4
votes

I am new to Haskell, and I have been trying to write a JSON parser using Parsec as an exercise. This has mostly been going well, I am able to parse lists and objects with relatively little code which is also readable (great!). However, for JSON I also need to parse primitives like

  • Integers (possibly signed)
  • Floats (possibly using scientific notation such as "3.4e-8")
  • Strings with e.g. escaped quotes

I was hoping to find ready to use parsers for things like these as part of Parsec. The closest I get is the Parsec.Tokens module (defines integer and friends), but those parsers require a "language definition" that seems way beyond what I should have to make to parse something as simple as JSON -- it appears to be designed for programming languages.

So my questions are:

  1. Are the functions in Parsec.Token the right way to go here? If so, how to make a suitable language definition?

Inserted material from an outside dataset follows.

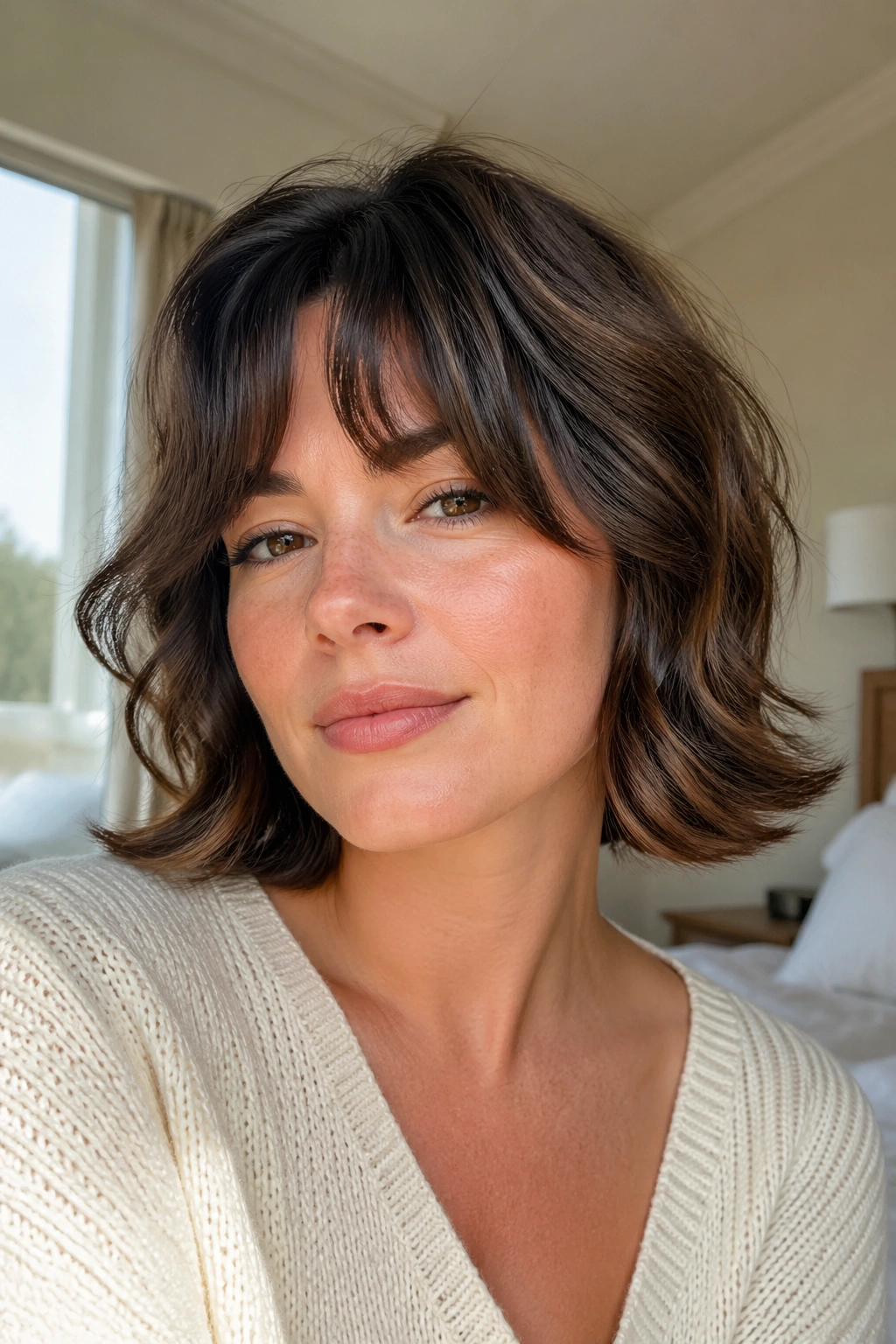 Close-up of a real person with a flipped-end shag bob and outward flipped ends.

  2. Are "primitive" parsers for integers etc defined somewhere else? Maybe in another package?

  3. Am I supposed to write these kinds of low-level parsers myself? I can see myself reusing them frequently... (obscure scientific data formats etc.)

I have noticed that a question on this site says Megaparsec has these primitives included [1], but I suppose these cannot be used with parsec.

Related questions:

How do I get Parsec to let me call `read` :: Int?

How to parse an Integer with parsec

1
You can just pass in empty strings and lists and always-failing parsers for the options that do not apply to you (which I guess is all of them).sepp2k
If you can, please use megaparsec. It is a better modern rewrite of parsec (and is actually b king maintained).Alec

1 Answers

6
votes

Are the functions in Parsec.Token the right way to go here?

Yes, they are. If you don't care about the minutiae specified by a language definition (i.e. you don't plan to use the parsers which depend on them, such as identifier or reserved), just use emptyDef as a default:

import Text.Parsec
import qualified Text.Parsec.Token as P
import Text.Parsec.Language (emptyDef)

lexer = P.makeTokenParser emptyDef

integer = P.integer lexer

As you noted, this feels unnecesarily clunky for your use case. It is worth mentioning that megaparsec (cf. Alec's suggestion) provides a corresponding integer parser without the ceremony. (The flip side is that megaparsec doesn't try to bake in support for e.g. reserved words, but that isn't difficult to implement in the cases you actually need it.)